→ **What is expected**
Go through the material below and copy each line exactly.

Data below below:

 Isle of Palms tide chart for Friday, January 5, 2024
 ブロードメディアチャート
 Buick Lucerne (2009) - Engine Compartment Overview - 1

End of Data below.

→ **The completed task**
 Isle of Palms tide chart for Friday, January 5, 2024
 ブロードメディアチャート
 Buick Lucerne (2009) - Engine Compartment Overview - 1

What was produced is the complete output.